Be Positive, Grab the Freddo![The Wasted Time Project]
The Wasted Time Project: POST 2

As a musician, I think we pretty much train ourselves to think critically about everything we do, at least I certainly did anyway. That performance wasn’t good enough. I split that note at the end of that recording. I can’t believe I dropped my mute in the middle of that quiet passage. This mentality isn’t specific to musicians either. Sometimes life is going so fast you don’t feel like you have time to sit down, let alone reflect and appreciate the good that’s happened in a day. It can be a bit scary how this mentality can soon become the norm. Before long the world can seem like a very scary, isolating place and life is kind of plodding along with no real purpose other than trying to get through the day.

I’ve spent YEARS with this stupid way of looking at everything. I thought thinking positively was a bit daft to be honest and being realistic (read that as negative) about the world and life was a far better way, as you would avoid disappointment. Truth is, you can’t avoid disappointment, even if you have the most pessimistic outlook on everything. Disappointment happens as often as rain falls in Britain. Bad performances happen. You write or create things that don’t turn out as well as you planned. You try things that don’t end up working for you. Do you know what? That’s good. It’s really good. Why? Because you tried. If it didn’t work, it didn’t work but you took something away from it, whether that be something you learned about yourself, meeting new people, or just experiencing something new and unfamilar. Surely it was better to try and it not work out than to not try and never know?

Oh how daft I was.
After dropping out of uni, I felt like my entire world had collapsed (I’m getting to the positive bit in a second, honest!). The excitement, confidence and happiness I brought in September had been completely washed away by December and was replaced by confusion and negativity. For the first time I actually thought I’d failed, really failed. Everybody else coped. Everybody else was doing great. Why the hell was I so pants? What was I going to do now. I tried to put things in place for me to do whilst I looked for a job. I planned practise sessions that never happened. I started blog posts that I didn’t have the patience to finish. But I remembered what the counsellor had said and thinking that things couldn’t get any worse, I had a go at keeping a diary.
Not a flowery, fairy, ‘dear diary today [insert crush’s name here] looked at me in maths’ kind of diary. Just a simple account of everything positive that happened in my day.
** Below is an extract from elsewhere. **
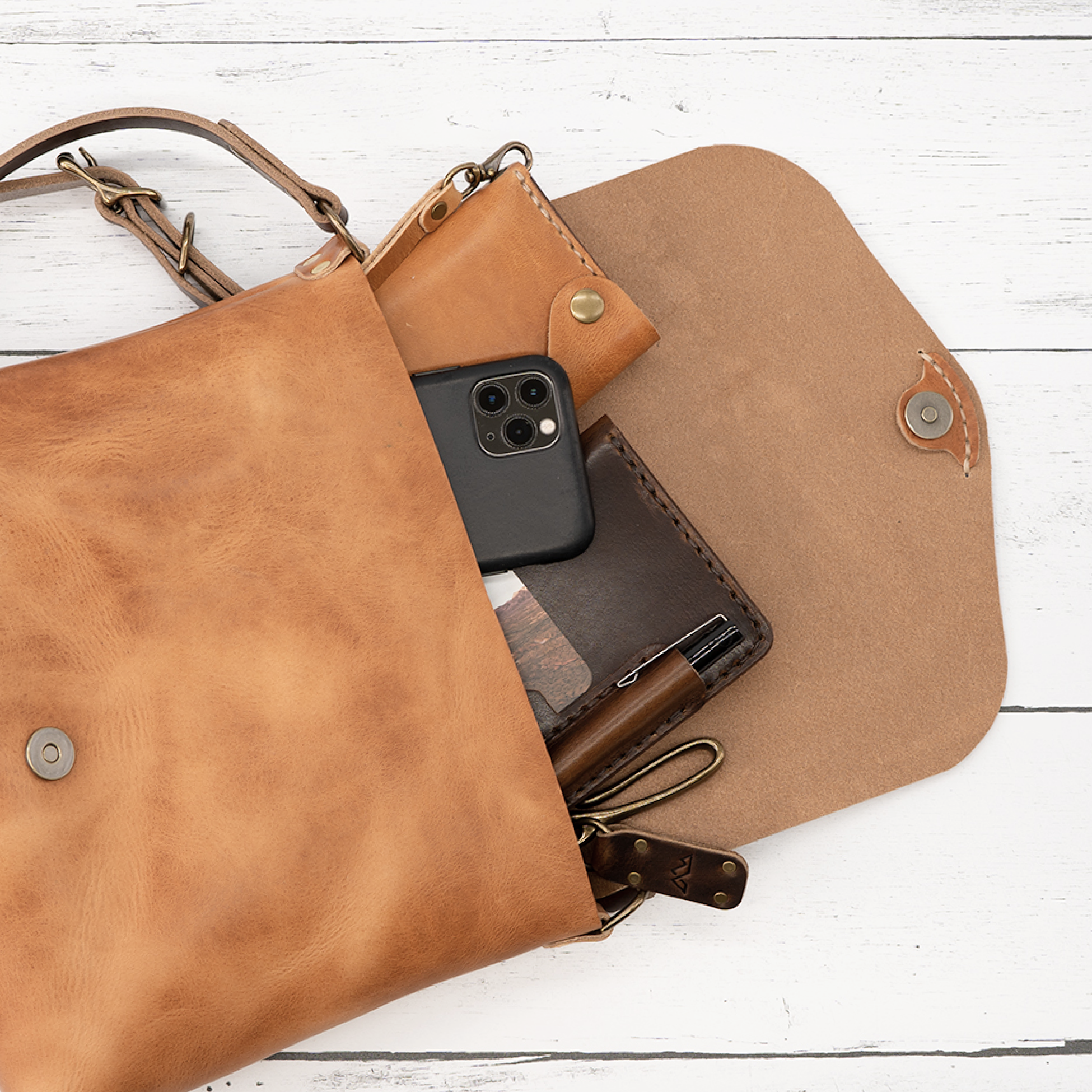 Crestone Crossbody – Range Leather Co - Main Image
I got up and had a shower before 12pm.
There was an Attenborough Documentary (I love Attenborough) on the telly and it was about penguins!
I searched for jobs and found a couple I was interested in.
I played a piece at band that was great.
We didn’t come last in a band contest.
I walked the dog.
I went out to see my friends.
This daft ‘waste of time’ became a habit and I started to see that the world wasn’t as crap as I thought it was and more importantly I wasn’t as crap as I thought I was. This habit grew into writing in depth about my feelings (something that probably would have made me physically sick before now) and I began to understand my own mental health which helped me to make changes and ultimately fuelled the progression that has turned me into the person I am now. I actually like this person.

I’m not going to waste anymore time dwelling on the crap, it’s happened before, it’ll happen again, life goes on. This lifelong pessimist is now an optimistic convert and a firm believer in ‘not everyday is good, but there is something good in everyday’.
Be you. Be Positive. Grab the Freddo!